The first thing you have to understand about bullet journals is that they are to-do lists kept in a formal journal with items preceded by coded symbols like bullets. Thus the name. (I wanted to get that out of the way.) The to-do lists are pretty elaborate, so much so that some people supposedly keep keys of their coding system. But they're to-do lists, nonetheless. That is not to denigrate them. I am a big fan of to-do lists. But when I first heard about bullet journals, I got the impression they were some kind of magical cure-all. I found them more hard work than magical. (Remember that key for the code.) Some of the work I found hard I never did. (The table of contents and the codes, to name two.) Others I've continued to use after the trial ended.


How Bullet Journals Work


It seems to me that the most basic thing about bullet journals is that they allow you to break down your time so you can identify what you have to do and when you can find time to do it.
The Year--I still do this.

The Year. You'll start by breaking down the year. You divide a few pages in to 12 blocks, one for each month. Ten you enter what you have to do each month. You'll be updating this as time passes. I do, anyway. I don't know everything that's going to happen in September and October a the beginning of the year.
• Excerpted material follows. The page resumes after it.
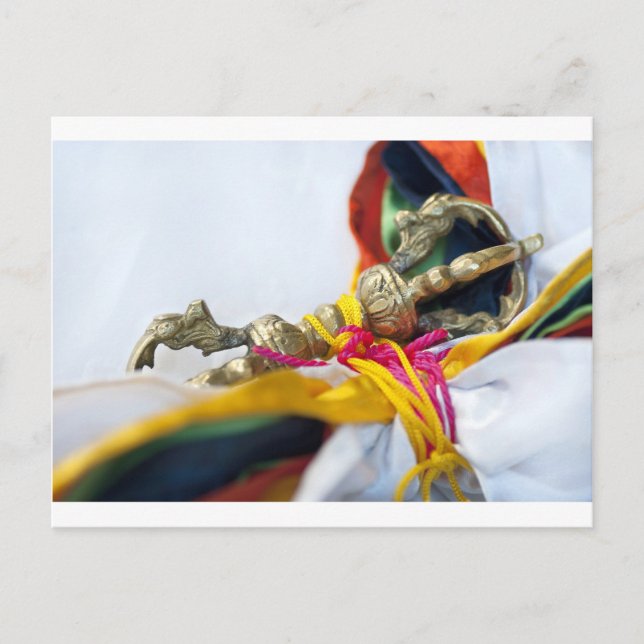 Carte Postale Vajra tibétaine (Devant)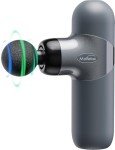 Mini Massage Gun ,Percussion Deep Tissues Muscle Massager, Silicone Material Removable and Washable, Suitable for People with Hyperhidrosis, with 6 Massage Heads 4 Speeds, best gift for her/him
This aspect of bullet journals seems like a good idea. If you have a day job and/or family responsibilities that are going to be heavier some months than others, it's helpful to know that ahead of time. This will give you an idea of when during the year you've got your best shot at writing time. If you're a full-time writer and do things like teach at certain points of the year, you want to know that's coming up. You can block out time for revision, for working with an editor on books that are coming out, on marketing. You can commit time to new projects. You want to do NaNoWriMo? Put it in the bullet journal, and keep in mind that you'd better not plan for a lot of other things in November.

I've continued to do this kind of year-ahead planning.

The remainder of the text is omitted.